Killing our local heroes

From extraordinary to commonplace

The evolution in which we are caught, for lack of a better word, has brought us many an advantage … I, for example, grew up in a day and age that computers were not widely available nor used in the household. I remember being awed by them.

But if I now look at my own home, there are at least four apparent computers, work and personal … not counting what is embedded in systems. They have become normal … commonplace.

And it does not end there. No sir. Movement of people has become a lot easier across the globe, both technically and politically. We have planes to get there, and political agreements to go somewhere once we are there … And when we get there, we often find people similar to us, but better, to look up to and to simulate and assimilate the behaviors of. And that is great. That is so wonderful.

The cost of our current progress

However, it has also cost us. We have killed our local heroes. We have killed them, because we have failed to honor them. They have gone the way of the computer. From extraordinary to commonplace.

It used to be that each community had someone to look up to. Someone who had made it, even if having made it was just leaving the small town to find his or her way to the big city. Often, they were closer and remained close. A teacher, perhaps, or a business man. Even of the business was, in the wider context, just a cut above the rest.

A hero’s death is not death … it’s being forgotten

These heroes no longer exist. No, I’m lying. They still do exist, but they are no longer regarded as our heroes. They have been replaced by the rock stars of today. People such as Steve Jobs, Jony Ive, or Barack Obama, or Warren Buffet. And those are just the good ones on the list. Don’t get me wrong, I have a strong admiration for such people. I just wonder how to get from here to there. And why I should do that.

Virtual deity

And that’s a real problem, although we may not consider it as such. The gap between our new heroes and us is just too wide.
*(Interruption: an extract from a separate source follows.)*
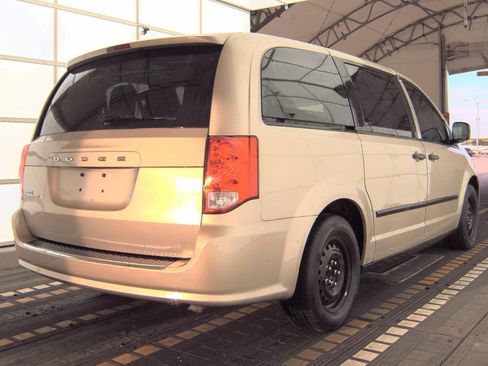 Used 2012 Dodge Grand Caravan American Value Package w/ UConnect Hands-Free Group image 4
They can be admired, but only at a distance. Rather than the late 1800’s and early 1900’s evolution, where heroes were close to everyday life and ultimately approachable, where the gap that existed could ultimately be bridged, we are now moving in a direction in which what we want to achieve amounts to virtual deity. Which is, for all intents and purposes, almost impossible to realize.

Global heros do not scale down so well

It ultimately comes down to incrementalism. You do not reach large goals all in one go. You achieve small feats every day which bring you closer and closer to an achievable goal. You put your sights at an ambitious but realistic level, and you actually achieve that well within a fraction of your lifetime. Once you are there, you recalibrate your goals yet a bit higher, to a new role model, to a new achievable, adequately ambitious but still close enough goal. And so it goes. Or actually, so it went.

Cargo cult heroes

The current gap between what we are and what we often aim to be is so large that people revert to imitating the externalities of what they want to achieve. Feynman’s cargo cult, applied to humans. This leads to young traders on the floors of banks to use their (often significant, yet small when compared to those they imitate) assets to do what their idols do, without understanding that the only real way to achieve structural growth is through hard work. And there are so many other, sad examples.

Becoming a hero requires you to do the work

I believe strongly that if we want to continue to prosper, as a species, we will need to relearn that progress comes at the cost of small steps, of doing the work.

And if we want our young people to understand that, we are obliged to start becoming the heroes we want them to follow. And in order to become those heroes, we need to start showing behavior which is consistent with those values.

If we fail that, we will not only have killed our own heroes, but those of the generations that follow as well. As did the generation before us appears to have done, even though they started so well, in the late 1960’s. let us not make the same mistake again.